Ce qu'il faut retenir
- Le syndic de copropriété est le mandataire légal du syndicat des copropriétaires, élu en assemblée générale pour une durée maximale de 3 ans.
- Il est obligé d'ouvrir un compte bancaire séparé au nom du syndicat, sauf dispense votée en AG pour les petites copropriétés.
- Le syndic doit convoquer au moins une assemblée générale par an et soumettre le budget prévisionnel au vote des copropriétaires.
- En cas de charges impayées, le syndic a l'obligation légale d'engager une procédure de recouvrement contre le copropriétaire défaillant.
- Depuis 2023, le syndic doit inscrire à l'ordre du jour de l'AG les modalités d'élaboration du plan pluriannuel de travaux (PPT) pour les immeubles concernés.
Définition du syndic de copropriété
Le syndic de copropriété est la personne physique ou morale chargée d'administrer l'immeuble au nom du syndicat des copropriétaires. Concrètement, il agit comme mandataire : il n'est propriétaire de rien dans l'immeuble, mais il engage juridiquement le syndicat.
On distingue plusieurs formes :
- Syndic professionnel : une société spécialisée, titulaire d'une carte professionnelle (carte G) délivrée par la chambre de commerce, soumise à la loi Hoguet du 2 janvier 1970.
- Syndic bénévole : un copropriétaire élu par ses pairs, sans rémunération obligatoire. Cette formule est courante dans les petites copropriétés de moins de 10 lots.
- Syndic coopératif : le conseil syndical gère lui-même la copropriété, sans recourir à un syndic extérieur. Le président du conseil syndical endosse alors les fonctions de syndic.
Quelle que soit sa forme, le syndic est désigné par vote en assemblée générale, selon les modalités décrites sur service-public.fr.

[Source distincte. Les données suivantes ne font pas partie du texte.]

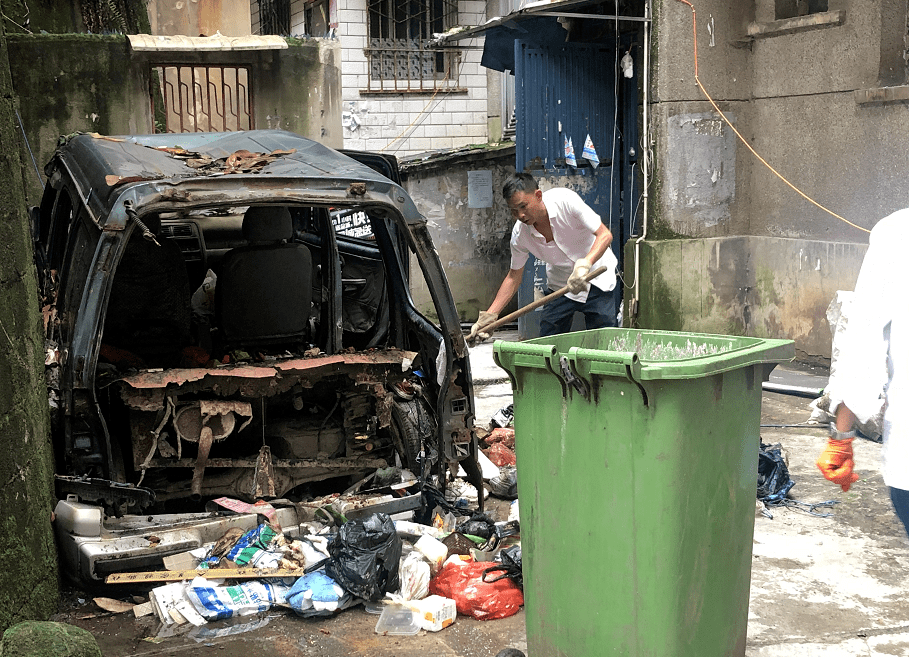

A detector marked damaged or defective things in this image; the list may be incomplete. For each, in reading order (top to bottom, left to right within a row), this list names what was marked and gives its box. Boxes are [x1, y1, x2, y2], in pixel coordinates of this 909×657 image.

Son mandat dure en principe 3 ans, renouvelable par un nouveau vote en AG.
Les missions légales du syndic envers les copropriétaires
Le syndic exécute les décisions prises en assemblée générale et assure la gestion courante de l'immeuble. Ses missions légales couvrent trois domaines principaux.
Administration de l'immeuble
- Faire respecter le règlement de copropriété, qui définit droits, obligations et règles d'usage des parties communes.
- Tenir à jour la liste des copropriétaires et les registres obligatoires : procès-verbaux d'assemblée, carnet d'entretien.
- Souscrire et gérer l'assurance de l'immeuble.
Gestion financière
- Élaborer le budget prévisionnel annuel et le soumettre au vote en AG.
- Appeler les charges auprès des copropriétaires selon la répartition prévue : voir les règles de répartition des charges de copropriété.
- Tenir une comptabilité séparée pour chaque immeuble géré.
Représentation juridique
- Représenter le syndicat des copropriétaires en justice, en demande comme en défense.
- Conclure les contrats nécessaires à l'entretien de l'immeuble : gardiennage, nettoyage, ascenseur.
- Mettre en demeure les copropriétaires défaillants en cas de charges impayées.
Toutes ces obligations découlent directement de la loi du 10 juillet 1965 et s'imposent à tout syndic, professionnel ou bénévole.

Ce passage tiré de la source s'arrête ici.